I do not in anyway want to even seem to be patronising but I was so impressed that a small venue like Brewery Lane Theatre, Carrick-on-Suir, would go to the bother to mark Brian Friel’s 80th Birthday with a quality double bill of two Friel plays, based on the work of Anton Chekhov. Earlier this year I was at both the Abbey and Gate Theatre productions to mark this significant birthday and my visit to Brewery Lane was a wonderful and as positive as those national venues. Good theatre is not the preserve of professional or national venues and Carrick’s approach to the work was honest and inspirational.

It was a cold night but the welcome was heartfelt and warm. The opening play, Afterplay, looks at two peripheral characters from two Checkhov plays, Uncle Vanya and Three Sisters, as Friel moves the action forward by twenty years as Sonya Serebriakova meets down-at-heel musician Andrey Prozorev in a run down cafe in Moscow. In out of the cold, they warm themselves with tea, vodka and soup and it is obvious that they are inventing a post life as casual strangers often do. Prozorov has a battered violin case and he blathers on about his sisters and his dead wife and miserable children. He boasts he is playing in an opera, La Boheme, while in fact he is busking while visiting a ne’erdowell son in prison.

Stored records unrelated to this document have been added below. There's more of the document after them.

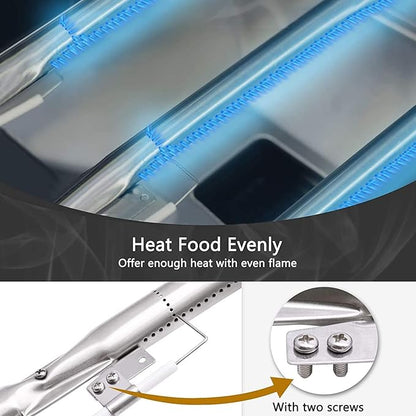 Hiorucet Grill Replacement Parts for Nexgrill 2 Burner 720-0864, 720-0864M Grill Models, Stainless Steel Grill Heat Plates, Burners and Igniters Replacement for Nexgrill 720-0864R, 720-0830H.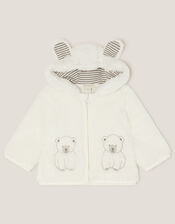 Baby Polar Bear Fleece Hoodie, White (WHITE), large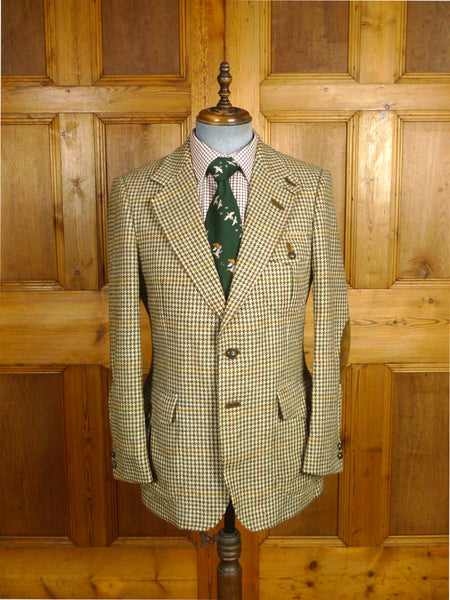 26/0303 delightful vintage british green / brown houndstooth check tweed norfolk style jacket w/ ghillie collar 39 regular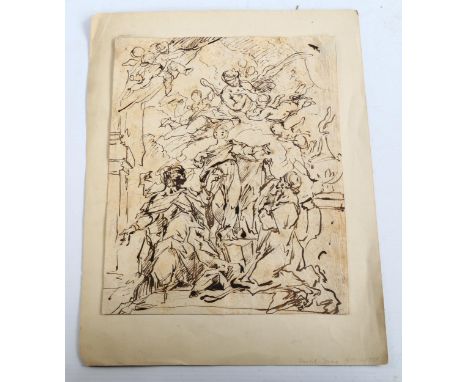 Old Master style pen and ink on laid paper, Classical composition, unsigned, sheet size 24.5cm x 20cm, unframedLight foxing a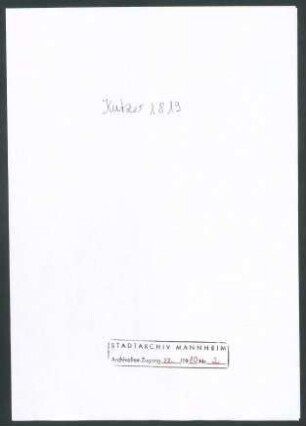 Kutzer, [Theodor] Oberbürgermeister der Stadt Mannheim, an Wichert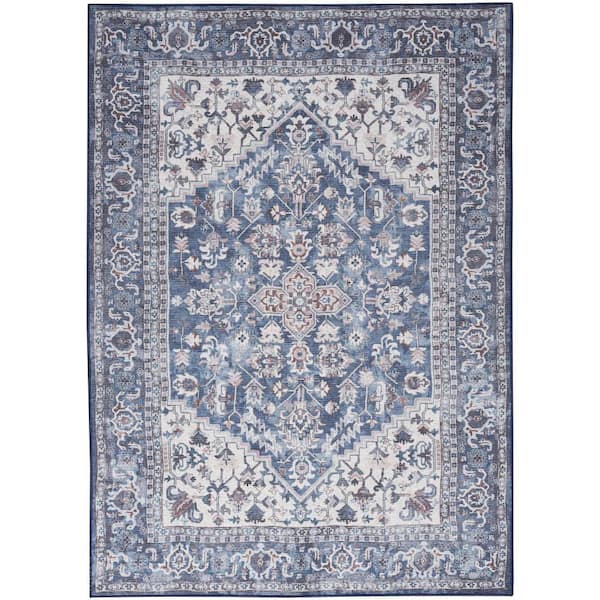 Unbranded Machine Washable Series 1 Navy Ivory 5 ft. x 7 ft. Distressed Traditional Area Rug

Sonya suggests she is organising the setting up of a forestry programme on a farm her Uncle Vanya has neglected while masking a drink problem and a lot of almost concealed anger and despair. Failed dreams and loneliness are evident and it is Friel’s skill with words and Roseanne Glascott’s skills of direction that this play stands as a piece of thoughtful drama whether you know the backstory or not.

David Grant, I initially thought, was a little too young for Prozorev but his quality shone through. Maria Clancy as Sonya was magnificent and more impressive than the Gate actress.

After tea and chat in the welcoming tearoom, Tom Nealon impressed with his Checkhov’s The Bear. This play needs a balance between moody high tragedy and broad comedic strokes. Julieanne Denby looked and acted the part of tragic unloved bitter widow Eleana, in a beautiful black long dress. Fergus Power was the rude, crude Smirnov, who is a force of nature come to collect a debt for hay. While his costume was lacking, his acting was suitably Bear-like and his rude health and boastful manner cheered up the audience.

Once again, Jim English impressed as the panicking dithering servant Luka.

John Denby and Giancarlo Laisso provided a wonderful composite set with beige drapes and apt furniture.

Walter Dunphy did the announcements and his fire one was a gem, that in the event of a fire, the cast and audience should gather and warm themselves at it.